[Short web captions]

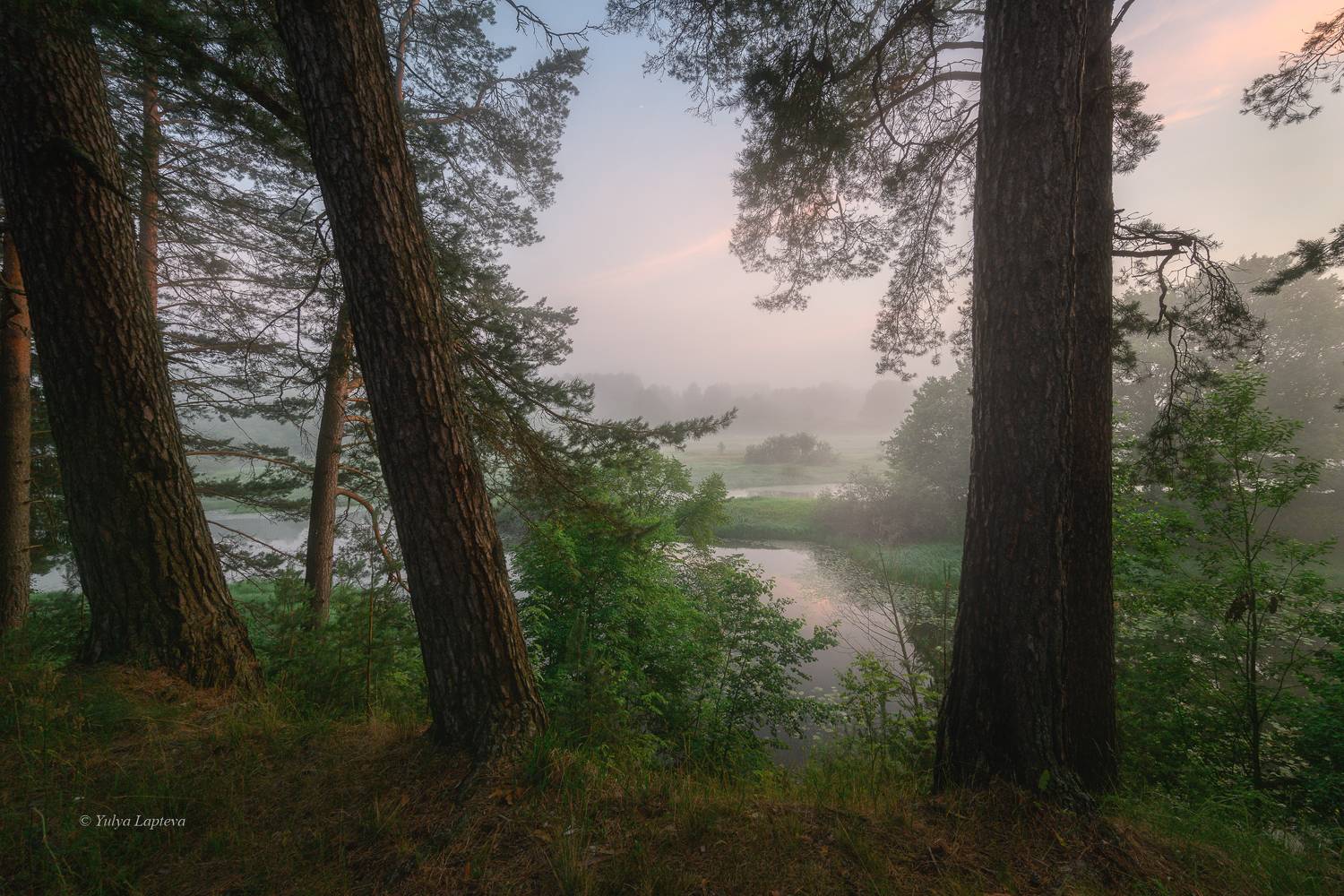брянская область, июль, рассвет, сосны, Юлия Лаптева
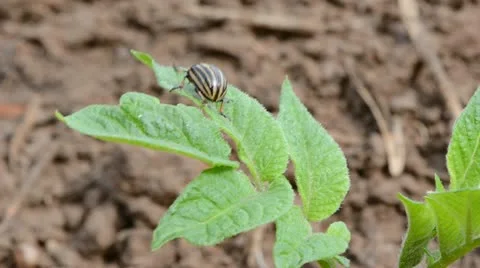 Colorado bug on spring potato  leaf Stock Footage 11979148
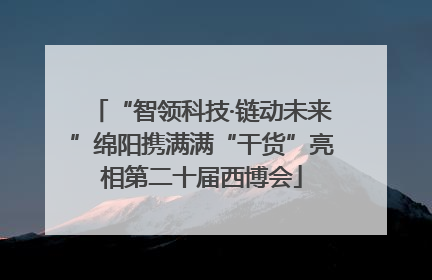 “智领科技·链动未来”绵阳携满满“干货”亮相第二十届西博会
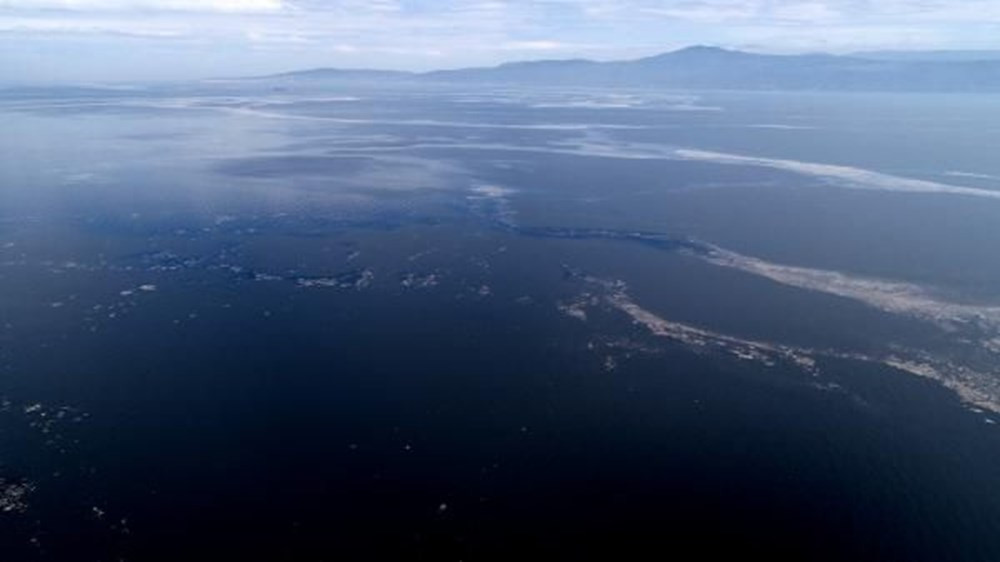 Deniz salyasıyla kaplanan Mudanya Yat Limanı, havadan görüntülendi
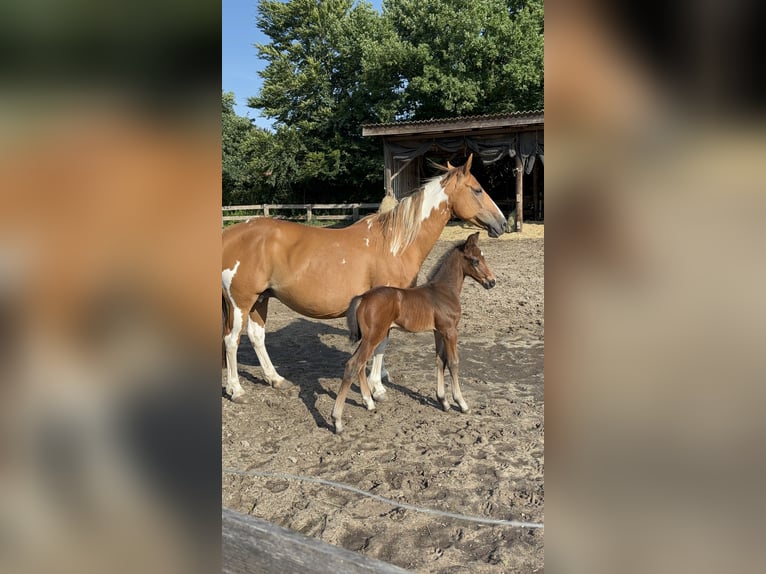 Pintos Stute 15 Jahre 148 cm Schecke in Holste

§ **Problem details**
The expected answer is an exact copy of the lines from the one containing "Deniz salyasıyla kaplanan" through the last line of the entries above, both included, without pictures.

§ **Task answer**
 Deniz salyasıyla kaplanan Mudanya Yat Limanı, havadan görüntülendi
 Pintos Stute 15 Jahre 148 cm Schecke in Holste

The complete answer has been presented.